_To do_: The whole of the data must be transcribed exactly.

BEGIN Extracted material

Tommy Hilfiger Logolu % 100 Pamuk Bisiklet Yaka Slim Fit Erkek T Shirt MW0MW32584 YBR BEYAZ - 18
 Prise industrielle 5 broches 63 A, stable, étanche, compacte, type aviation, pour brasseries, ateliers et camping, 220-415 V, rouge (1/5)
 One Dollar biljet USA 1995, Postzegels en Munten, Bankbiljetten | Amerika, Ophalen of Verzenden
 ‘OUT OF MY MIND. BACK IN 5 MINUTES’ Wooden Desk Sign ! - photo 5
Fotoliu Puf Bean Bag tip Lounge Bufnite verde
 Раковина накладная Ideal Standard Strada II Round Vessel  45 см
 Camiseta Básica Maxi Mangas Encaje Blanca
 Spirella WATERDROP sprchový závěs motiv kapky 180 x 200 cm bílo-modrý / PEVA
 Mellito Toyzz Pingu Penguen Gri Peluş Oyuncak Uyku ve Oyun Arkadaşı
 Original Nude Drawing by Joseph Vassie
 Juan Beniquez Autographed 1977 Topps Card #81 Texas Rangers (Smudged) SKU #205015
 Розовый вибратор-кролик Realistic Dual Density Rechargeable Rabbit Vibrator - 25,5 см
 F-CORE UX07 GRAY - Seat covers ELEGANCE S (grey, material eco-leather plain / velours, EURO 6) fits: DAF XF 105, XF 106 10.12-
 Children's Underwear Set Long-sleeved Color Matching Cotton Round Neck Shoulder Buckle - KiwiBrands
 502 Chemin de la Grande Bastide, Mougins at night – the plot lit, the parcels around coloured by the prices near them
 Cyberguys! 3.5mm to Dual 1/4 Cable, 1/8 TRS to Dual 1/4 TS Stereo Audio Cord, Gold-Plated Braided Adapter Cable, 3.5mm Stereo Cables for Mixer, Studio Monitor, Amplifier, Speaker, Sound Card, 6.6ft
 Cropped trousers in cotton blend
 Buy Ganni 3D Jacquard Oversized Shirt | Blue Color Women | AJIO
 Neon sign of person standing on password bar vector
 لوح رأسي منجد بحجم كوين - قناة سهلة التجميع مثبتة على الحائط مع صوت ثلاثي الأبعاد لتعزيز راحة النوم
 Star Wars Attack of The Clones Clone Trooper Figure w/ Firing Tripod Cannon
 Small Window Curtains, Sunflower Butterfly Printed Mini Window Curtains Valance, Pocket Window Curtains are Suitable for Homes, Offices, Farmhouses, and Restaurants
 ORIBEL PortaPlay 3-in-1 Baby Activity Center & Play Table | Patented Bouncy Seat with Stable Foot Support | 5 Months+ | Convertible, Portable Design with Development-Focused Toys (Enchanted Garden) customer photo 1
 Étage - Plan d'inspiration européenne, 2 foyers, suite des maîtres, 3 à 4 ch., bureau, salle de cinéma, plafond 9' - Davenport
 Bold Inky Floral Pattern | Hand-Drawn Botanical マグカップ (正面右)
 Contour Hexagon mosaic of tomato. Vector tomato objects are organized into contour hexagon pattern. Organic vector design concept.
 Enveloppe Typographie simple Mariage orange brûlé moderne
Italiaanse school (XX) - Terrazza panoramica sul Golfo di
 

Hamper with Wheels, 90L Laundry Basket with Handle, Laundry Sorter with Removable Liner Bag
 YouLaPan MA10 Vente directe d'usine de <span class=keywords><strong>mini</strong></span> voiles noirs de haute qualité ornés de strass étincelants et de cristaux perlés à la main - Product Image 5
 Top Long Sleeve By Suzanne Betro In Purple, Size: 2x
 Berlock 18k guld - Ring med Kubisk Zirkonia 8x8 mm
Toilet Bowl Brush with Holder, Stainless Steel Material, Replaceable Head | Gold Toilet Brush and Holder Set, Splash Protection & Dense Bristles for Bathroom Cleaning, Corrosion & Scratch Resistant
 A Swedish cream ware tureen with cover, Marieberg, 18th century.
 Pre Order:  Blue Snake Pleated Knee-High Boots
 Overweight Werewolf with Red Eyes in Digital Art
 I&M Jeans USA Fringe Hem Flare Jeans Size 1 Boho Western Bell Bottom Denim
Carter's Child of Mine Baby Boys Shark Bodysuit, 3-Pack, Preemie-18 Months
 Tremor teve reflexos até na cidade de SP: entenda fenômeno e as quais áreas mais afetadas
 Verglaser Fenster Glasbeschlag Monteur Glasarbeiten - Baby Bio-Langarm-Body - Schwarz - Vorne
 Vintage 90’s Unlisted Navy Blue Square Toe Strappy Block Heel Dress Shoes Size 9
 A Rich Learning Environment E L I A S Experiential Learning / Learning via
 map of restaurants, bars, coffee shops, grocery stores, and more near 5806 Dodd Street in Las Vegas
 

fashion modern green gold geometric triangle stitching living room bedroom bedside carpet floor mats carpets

END Extracted material

_Task result_:
Tommy Hilfiger Logolu % 100 Pamuk Bisiklet Yaka Slim Fit Erkek T Shirt MW0MW32584 YBR BEYAZ - 18
 Prise industrielle 5 broches 63 A, stable, étanche, compacte, type aviation, pour brasseries, ateliers et camping, 220-415 V, rouge (1/5)
 One Dollar biljet USA 1995, Postzegels en Munten, Bankbiljetten | Amerika, Ophalen of Verzenden
 ‘OUT OF MY MIND. BACK IN 5 MINUTES’ Wooden Desk Sign ! - photo 5
Fotoliu Puf Bean Bag tip Lounge Bufnite verde
 Раковина накладная Ideal Standard Strada II Round Vessel  45 см
 Camiseta Básica Maxi Mangas Encaje Blanca
 Spirella WATERDROP sprchový závěs motiv kapky 180 x 200 cm bílo-modrý / PEVA
 Mellito Toyzz Pingu Penguen Gri Peluş Oyuncak Uyku ve Oyun Arkadaşı
 Original Nude Drawing by Joseph Vassie
 Juan Beniquez Autographed 1977 Topps Card #81 Texas Rangers (Smudged) SKU #205015
 Розовый вибратор-кролик Realistic Dual Density Rechargeable Rabbit Vibrator - 25,5 см
 F-CORE UX07 GRAY - Seat covers ELEGANCE S (grey, material eco-leather plain / velours, EURO 6) fits: DAF XF 105, XF 106 10.12-
 Children's Underwear Set Long-sleeved Color Matching Cotton Round Neck Shoulder Buckle - KiwiBrands
 502 Chemin de la Grande Bastide, Mougins at night – the plot lit, the parcels around coloured by the prices near them
 Cyberguys! 3.5mm to Dual 1/4 Cable, 1/8 TRS to Dual 1/4 TS Stereo Audio Cord, Gold-Plated Braided Adapter Cable, 3.5mm Stereo Cables for Mixer, Studio Monitor, Amplifier, Speaker, Sound Card, 6.6ft
 Cropped trousers in cotton blend
 Buy Ganni 3D Jacquard Oversized Shirt | Blue Color Women | AJIO
 Neon sign of person standing on password bar vector
 لوح رأسي منجد بحجم كوين - قناة سهلة التجميع مثبتة على الحائط مع صوت ثلاثي الأبعاد لتعزيز راحة النوم
 Star Wars Attack of The Clones Clone Trooper Figure w/ Firing Tripod Cannon
 Small Window Curtains, Sunflower Butterfly Printed Mini Window Curtains Valance, Pocket Window Curtains are Suitable for Homes, Offices, Farmhouses, and Restaurants
 ORIBEL PortaPlay 3-in-1 Baby Activity Center & Play Table | Patented Bouncy Seat with Stable Foot Support | 5 Months+ | Convertible, Portable Design with Development-Focused Toys (Enchanted Garden) customer photo 1
 Étage - Plan d'inspiration européenne, 2 foyers, suite des maîtres, 3 à 4 ch., bureau, salle de cinéma, plafond 9' - Davenport
 Bold Inky Floral Pattern | Hand-Drawn Botanical マグカップ (正面右)
 Contour Hexagon mosaic of tomato. Vector tomato objects are organized into contour hexagon pattern. Organic vector design concept.
 Enveloppe Typographie simple Mariage orange brûlé moderne
Italiaanse school (XX) - Terrazza panoramica sul Golfo di
 

Hamper with Wheels, 90L Laundry Basket with Handle, Laundry Sorter with Removable Liner Bag
 YouLaPan MA10 Vente directe d'usine de <span class=keywords><strong>mini</strong></span> voiles noirs de haute qualité ornés de strass étincelants et de cristaux perlés à la main - Product Image 5
 Top Long Sleeve By Suzanne Betro In Purple, Size: 2x
 Berlock 18k guld - Ring med Kubisk Zirkonia 8x8 mm
Toilet Bowl Brush with Holder, Stainless Steel Material, Replaceable Head | Gold Toilet Brush and Holder Set, Splash Protection & Dense Bristles for Bathroom Cleaning, Corrosion & Scratch Resistant
 A Swedish cream ware tureen with cover, Marieberg, 18th century.
 Pre Order:  Blue Snake Pleated Knee-High Boots
 Overweight Werewolf with Red Eyes in Digital Art
 I&M Jeans USA Fringe Hem Flare Jeans Size 1 Boho Western Bell Bottom Denim
Carter's Child of Mine Baby Boys Shark Bodysuit, 3-Pack, Preemie-18 Months
 Tremor teve reflexos até na cidade de SP: entenda fenômeno e as quais áreas mais afetadas
 Verglaser Fenster Glasbeschlag Monteur Glasarbeiten - Baby Bio-Langarm-Body - Schwarz - Vorne
 Vintage 90’s Unlisted Navy Blue Square Toe Strappy Block Heel Dress Shoes Size 9
 A Rich Learning Environment E L I A S Experiential Learning / Learning via
 map of restaurants, bars, coffee shops, grocery stores, and more near 5806 Dodd Street in Las Vegas
 

fashion modern green gold geometric triangle stitching living room bedroom bedside carpet floor mats carpets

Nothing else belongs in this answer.